Carta IEDI
O Ajuste Externo: Resultados para 2015 e Comparação com 2002
O saldo do balanço de pagamentos (BOP) brasileiro em 2015 foi positivo em US$ 1,57 bilhão, cifra expressivamente menor (-85,5%) que a registrada no ano anterior. Este resultado decorreu de movimentos opostos nas duas principais contas do BOP. A conta financeira sofreu forte deterioração, recuando 44% (de US$ 101 bilhões para US$ 56,2 bilhões) como reflexo, sobretudo, da queda do ingresso líquido de capitais. A maior retração foi registrada pelo investimento em carteira (-55,5%), seguido pelos outros investimentos (-49%) e pelo investimento direto no país (IDP). A despeito da queda de 22%, o IDP somou US$ 75,1 bilhões (4,2% do PIB), sendo mais que suficiente para financiar o déficit em conta corrente em 2015.
O resultado negativo das transações correntes diminuiu praticamente na mesma intensidade (-43,7%) que o saldo da conta financeira, chegando a US$ 58,9 bilhões em 2015. Essa evolução não deixa dúvidas de que houve um forte ajuste externo na passagem de 2014 para 2015. Contudo, uma apreciação mais rigorosa da dimensão desse ajuste requer a ampliação do horizonte temporal.
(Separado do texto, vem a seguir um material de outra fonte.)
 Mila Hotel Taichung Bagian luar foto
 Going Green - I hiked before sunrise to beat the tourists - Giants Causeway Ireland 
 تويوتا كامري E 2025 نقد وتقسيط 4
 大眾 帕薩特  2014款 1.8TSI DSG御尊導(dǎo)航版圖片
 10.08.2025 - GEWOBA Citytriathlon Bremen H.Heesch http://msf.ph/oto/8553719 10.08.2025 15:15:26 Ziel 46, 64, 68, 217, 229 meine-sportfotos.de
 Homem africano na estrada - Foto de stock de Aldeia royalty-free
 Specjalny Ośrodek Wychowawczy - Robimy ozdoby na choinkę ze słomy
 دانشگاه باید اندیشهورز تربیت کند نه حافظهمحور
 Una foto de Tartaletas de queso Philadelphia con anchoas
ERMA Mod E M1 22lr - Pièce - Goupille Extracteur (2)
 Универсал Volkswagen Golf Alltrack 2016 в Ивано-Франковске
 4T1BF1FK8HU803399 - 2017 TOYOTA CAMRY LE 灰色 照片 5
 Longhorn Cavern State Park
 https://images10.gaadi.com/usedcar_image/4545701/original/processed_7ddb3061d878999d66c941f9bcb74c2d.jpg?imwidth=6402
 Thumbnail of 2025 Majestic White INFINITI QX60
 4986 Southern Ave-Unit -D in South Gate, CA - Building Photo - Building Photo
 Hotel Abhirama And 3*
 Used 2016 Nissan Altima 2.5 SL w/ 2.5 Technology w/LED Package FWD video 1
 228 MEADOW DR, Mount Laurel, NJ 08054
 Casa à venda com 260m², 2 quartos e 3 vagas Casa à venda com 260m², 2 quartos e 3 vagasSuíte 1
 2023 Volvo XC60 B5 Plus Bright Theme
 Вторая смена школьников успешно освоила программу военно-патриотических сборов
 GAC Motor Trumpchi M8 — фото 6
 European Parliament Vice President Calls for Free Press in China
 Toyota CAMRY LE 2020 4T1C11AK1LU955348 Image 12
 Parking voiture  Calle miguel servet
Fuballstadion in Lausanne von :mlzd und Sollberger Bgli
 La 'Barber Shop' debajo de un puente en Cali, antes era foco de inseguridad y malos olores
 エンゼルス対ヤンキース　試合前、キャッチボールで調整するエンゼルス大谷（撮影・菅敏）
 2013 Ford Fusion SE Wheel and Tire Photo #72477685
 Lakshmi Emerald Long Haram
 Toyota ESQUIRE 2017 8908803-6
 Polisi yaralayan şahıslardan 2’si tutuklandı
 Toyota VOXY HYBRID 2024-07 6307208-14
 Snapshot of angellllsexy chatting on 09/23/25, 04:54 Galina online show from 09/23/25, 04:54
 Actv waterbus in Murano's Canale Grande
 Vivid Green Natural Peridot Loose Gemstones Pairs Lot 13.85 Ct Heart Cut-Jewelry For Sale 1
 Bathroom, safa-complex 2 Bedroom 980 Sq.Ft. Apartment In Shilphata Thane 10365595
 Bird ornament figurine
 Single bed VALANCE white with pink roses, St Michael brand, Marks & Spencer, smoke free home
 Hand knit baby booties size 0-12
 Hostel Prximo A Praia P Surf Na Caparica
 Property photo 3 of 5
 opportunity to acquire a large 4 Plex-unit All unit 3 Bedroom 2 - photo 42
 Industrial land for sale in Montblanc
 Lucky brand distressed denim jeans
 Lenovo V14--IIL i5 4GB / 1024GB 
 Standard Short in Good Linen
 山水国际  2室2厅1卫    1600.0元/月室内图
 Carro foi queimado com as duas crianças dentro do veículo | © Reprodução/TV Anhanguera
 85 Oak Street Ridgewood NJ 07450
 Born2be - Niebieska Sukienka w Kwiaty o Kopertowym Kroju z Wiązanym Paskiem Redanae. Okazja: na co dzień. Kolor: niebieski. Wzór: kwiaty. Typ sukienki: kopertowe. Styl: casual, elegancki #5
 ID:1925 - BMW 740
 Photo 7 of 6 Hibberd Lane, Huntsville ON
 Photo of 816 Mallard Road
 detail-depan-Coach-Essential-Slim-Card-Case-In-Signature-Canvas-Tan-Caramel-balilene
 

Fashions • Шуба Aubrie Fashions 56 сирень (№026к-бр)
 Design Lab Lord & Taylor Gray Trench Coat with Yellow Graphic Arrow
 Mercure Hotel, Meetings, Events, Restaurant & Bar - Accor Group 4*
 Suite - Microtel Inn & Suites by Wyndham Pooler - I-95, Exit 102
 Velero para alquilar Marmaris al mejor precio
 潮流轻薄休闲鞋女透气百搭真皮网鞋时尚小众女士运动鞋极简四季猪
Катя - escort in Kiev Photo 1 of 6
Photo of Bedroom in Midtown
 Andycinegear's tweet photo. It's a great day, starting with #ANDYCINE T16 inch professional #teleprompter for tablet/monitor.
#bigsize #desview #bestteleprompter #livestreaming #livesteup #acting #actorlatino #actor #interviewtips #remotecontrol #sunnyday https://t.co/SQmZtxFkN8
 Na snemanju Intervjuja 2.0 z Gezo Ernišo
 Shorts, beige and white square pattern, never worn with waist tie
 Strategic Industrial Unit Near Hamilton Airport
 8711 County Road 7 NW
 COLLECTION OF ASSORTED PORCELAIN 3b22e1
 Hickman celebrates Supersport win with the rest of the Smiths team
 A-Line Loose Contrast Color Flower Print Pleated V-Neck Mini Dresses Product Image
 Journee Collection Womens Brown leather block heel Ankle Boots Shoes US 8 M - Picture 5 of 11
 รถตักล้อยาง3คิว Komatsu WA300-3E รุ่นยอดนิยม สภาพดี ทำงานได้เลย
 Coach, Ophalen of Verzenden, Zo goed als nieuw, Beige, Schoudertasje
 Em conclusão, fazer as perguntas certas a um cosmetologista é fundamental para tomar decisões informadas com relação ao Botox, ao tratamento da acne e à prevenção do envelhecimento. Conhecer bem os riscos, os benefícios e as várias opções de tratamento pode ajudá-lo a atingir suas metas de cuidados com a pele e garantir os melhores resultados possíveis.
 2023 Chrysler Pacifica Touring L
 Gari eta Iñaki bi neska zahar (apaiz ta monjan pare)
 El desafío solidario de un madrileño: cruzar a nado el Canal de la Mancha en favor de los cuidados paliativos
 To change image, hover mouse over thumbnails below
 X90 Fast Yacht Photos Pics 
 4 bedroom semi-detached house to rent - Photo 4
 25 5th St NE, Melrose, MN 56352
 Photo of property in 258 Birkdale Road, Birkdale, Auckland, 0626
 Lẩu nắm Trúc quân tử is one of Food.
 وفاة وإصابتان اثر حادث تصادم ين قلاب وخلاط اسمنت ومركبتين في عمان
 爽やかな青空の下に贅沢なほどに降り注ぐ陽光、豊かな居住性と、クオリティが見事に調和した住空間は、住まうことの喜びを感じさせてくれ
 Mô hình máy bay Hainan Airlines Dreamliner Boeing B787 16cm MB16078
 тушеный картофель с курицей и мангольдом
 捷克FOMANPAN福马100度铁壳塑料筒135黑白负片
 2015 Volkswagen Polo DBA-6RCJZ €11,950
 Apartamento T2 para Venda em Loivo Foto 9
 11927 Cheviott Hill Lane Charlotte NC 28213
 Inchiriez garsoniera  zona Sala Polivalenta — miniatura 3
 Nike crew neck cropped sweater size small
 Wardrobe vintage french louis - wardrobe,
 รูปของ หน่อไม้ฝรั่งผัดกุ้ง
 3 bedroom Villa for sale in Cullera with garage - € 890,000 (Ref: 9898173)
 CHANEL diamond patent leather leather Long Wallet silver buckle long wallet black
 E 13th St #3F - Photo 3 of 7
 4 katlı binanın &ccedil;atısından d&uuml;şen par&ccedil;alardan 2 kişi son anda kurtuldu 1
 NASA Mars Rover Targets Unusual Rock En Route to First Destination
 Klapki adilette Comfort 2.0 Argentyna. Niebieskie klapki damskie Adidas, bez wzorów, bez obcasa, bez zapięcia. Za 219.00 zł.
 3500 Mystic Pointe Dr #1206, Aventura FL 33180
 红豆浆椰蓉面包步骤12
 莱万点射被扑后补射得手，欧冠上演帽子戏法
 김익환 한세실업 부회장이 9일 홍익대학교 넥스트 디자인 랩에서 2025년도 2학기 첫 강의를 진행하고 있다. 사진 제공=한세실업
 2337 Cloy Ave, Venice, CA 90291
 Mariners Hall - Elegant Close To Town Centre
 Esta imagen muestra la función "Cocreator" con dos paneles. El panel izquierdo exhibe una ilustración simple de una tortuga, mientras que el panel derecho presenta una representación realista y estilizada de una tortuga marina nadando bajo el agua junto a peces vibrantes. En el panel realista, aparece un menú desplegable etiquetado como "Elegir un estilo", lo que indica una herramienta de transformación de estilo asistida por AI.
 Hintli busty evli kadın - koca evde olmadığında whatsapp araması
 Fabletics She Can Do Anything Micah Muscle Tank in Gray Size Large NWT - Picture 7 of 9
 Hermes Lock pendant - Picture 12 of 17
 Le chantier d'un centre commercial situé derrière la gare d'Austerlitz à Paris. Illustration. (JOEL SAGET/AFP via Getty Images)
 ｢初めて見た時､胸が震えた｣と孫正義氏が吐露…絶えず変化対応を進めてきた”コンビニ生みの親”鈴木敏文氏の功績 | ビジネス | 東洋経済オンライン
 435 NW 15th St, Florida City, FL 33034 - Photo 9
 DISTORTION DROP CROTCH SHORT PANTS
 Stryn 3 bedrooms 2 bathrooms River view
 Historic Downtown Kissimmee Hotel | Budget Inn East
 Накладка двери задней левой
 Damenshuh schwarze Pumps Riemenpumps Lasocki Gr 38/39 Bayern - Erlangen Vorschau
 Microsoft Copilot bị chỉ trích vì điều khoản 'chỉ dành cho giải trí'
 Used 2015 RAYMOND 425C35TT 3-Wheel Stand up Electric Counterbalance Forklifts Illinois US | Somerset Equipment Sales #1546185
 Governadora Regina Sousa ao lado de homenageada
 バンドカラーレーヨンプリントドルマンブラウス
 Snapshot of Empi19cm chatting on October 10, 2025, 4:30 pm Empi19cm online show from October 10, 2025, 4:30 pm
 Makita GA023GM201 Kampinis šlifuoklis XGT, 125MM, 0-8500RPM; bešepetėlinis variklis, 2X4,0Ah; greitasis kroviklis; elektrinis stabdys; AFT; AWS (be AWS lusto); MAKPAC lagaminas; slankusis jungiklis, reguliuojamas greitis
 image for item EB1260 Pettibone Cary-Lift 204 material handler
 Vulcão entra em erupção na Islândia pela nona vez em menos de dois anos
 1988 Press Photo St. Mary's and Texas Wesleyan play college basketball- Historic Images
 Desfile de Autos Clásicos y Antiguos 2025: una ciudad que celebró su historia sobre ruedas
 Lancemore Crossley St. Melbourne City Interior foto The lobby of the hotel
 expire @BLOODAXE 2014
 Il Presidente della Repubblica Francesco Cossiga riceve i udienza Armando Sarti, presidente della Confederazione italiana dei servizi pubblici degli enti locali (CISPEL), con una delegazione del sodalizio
Para tanto, é necessário considerar o período de vigência do regime de câmbio flutuante (adotado em janeiro de 1999), que resulta numa dinâmica diferenciada de ajuste da conta de transações correntes em comparação aos regimes de câmbio administrado adotados anteriormente. Nesse período, o ano de 2002 também se caracterizou por um forte ajuste externo: a combinação de uma forte depreciação cambial com o baixo dinamismo da economia doméstica resultou numa redução de US$ 15,8 bilhões do déficit em transações correntes. Os valores absolutos sugerem, então, um ajuste bem mais significativo em 2015; entretanto, o indicador mais adequado para esse tipo de comparação é a razão entre o saldo em transações correntes (TC) e o Produto Interno Bruto (PIB). Nesse critério, o ajuste em 2002 foi muito mais intenso: 1,5% contra 4,2% em 2001. Já na passagem de 2014 para 2015, a queda foi mais tímida, de 4,3% para 3,3%.
A diferença de intensidade do ajuste externo em 2002 e 2015, a despeito da vigência do mesmo regime cambial, pode estar associada a vários fatores. O primeiro a ser considerado é a conjuntura externa. Nos dois momentos, a situação macroeconômica internacional foi relativamente semelhante, caracterizada pela desaceleração do crescimento e pela evolução adversa dos preços das commodities. Ajuda pouco, então, a explicar a diferença de magnitude dos ajustes.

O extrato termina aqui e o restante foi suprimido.